Friday, August 6, 2010

The Sea Inside (2004)

#39 on my List is to see all of the Oscar winners for Best Foreign Film from 1980 till present. Yesterday I saw The Sea Inside (Mar adentro, 2004, Spain). 





The Sea Inside is the partly fictionalized, moving story of Ramón Sampedro, a writer, poet, inventor and quadriplegic who spent decades struggling for the right to die with dignity.

A subject that could have been potentially maudlin and is extremely controversial is treated with intelligence and delicacy. The film is spellbinding, gritty, devastatingly sad with breathtaking visuals.

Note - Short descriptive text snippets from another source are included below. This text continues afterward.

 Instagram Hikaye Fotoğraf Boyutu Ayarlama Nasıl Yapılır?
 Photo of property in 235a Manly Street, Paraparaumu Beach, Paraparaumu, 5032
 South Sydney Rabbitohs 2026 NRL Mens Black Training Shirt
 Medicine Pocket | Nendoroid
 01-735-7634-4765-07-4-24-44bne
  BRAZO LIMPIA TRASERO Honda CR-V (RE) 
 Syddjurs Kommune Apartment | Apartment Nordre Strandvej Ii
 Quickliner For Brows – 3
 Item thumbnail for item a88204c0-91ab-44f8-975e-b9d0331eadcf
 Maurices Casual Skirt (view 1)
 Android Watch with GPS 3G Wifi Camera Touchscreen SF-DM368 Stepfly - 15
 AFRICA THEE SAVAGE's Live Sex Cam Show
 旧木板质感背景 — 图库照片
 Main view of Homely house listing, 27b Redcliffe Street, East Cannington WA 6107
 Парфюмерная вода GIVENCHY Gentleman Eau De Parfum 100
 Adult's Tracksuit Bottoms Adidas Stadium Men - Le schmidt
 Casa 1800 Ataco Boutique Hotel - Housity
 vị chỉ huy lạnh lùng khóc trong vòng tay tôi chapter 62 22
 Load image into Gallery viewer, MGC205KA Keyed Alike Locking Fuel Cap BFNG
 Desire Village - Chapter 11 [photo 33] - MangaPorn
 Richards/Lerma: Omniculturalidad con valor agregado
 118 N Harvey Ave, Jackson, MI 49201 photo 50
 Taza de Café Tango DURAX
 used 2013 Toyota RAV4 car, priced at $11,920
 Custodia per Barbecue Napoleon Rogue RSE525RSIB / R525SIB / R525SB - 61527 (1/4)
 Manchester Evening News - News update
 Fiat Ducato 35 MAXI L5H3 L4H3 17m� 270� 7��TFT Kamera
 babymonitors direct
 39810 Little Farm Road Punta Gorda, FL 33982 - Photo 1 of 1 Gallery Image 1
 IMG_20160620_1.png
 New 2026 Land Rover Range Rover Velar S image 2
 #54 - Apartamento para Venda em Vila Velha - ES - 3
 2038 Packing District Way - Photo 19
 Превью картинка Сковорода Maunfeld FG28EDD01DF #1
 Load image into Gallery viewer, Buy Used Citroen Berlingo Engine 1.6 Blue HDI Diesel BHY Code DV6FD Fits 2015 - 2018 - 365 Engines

The Sea Inside is filled with beautiful moments and one of my favorites is on a day, like all others, Ramón lies
on his bed looking outside his window, listening to the strains of Puccini (Nessun dorma); as the music begins to take hold, Ramón suddenly gets up from his bed, with the camera now looking out from his perspective, he runs to the window, jumps out and just before he's about to hit the ground he swoops up and soars with the music over the old green hills of Galicia - it is haunting, magical and sheer poetry.

I remain in awe of Javier Bardem, he gives a nuanced, layered, heart wrenching performance.

"Out to sea. Out to sea, and in the weightlessness of the deep where dreams come true, two souls unite to fulfill a single wish. Your gaze and mine, over and over like an echo, repeating silently: "Deeper, and deeper," beyond everything that is flesh and blood. But I always awaken and I always wish for death, my lips forever entangled in your hair."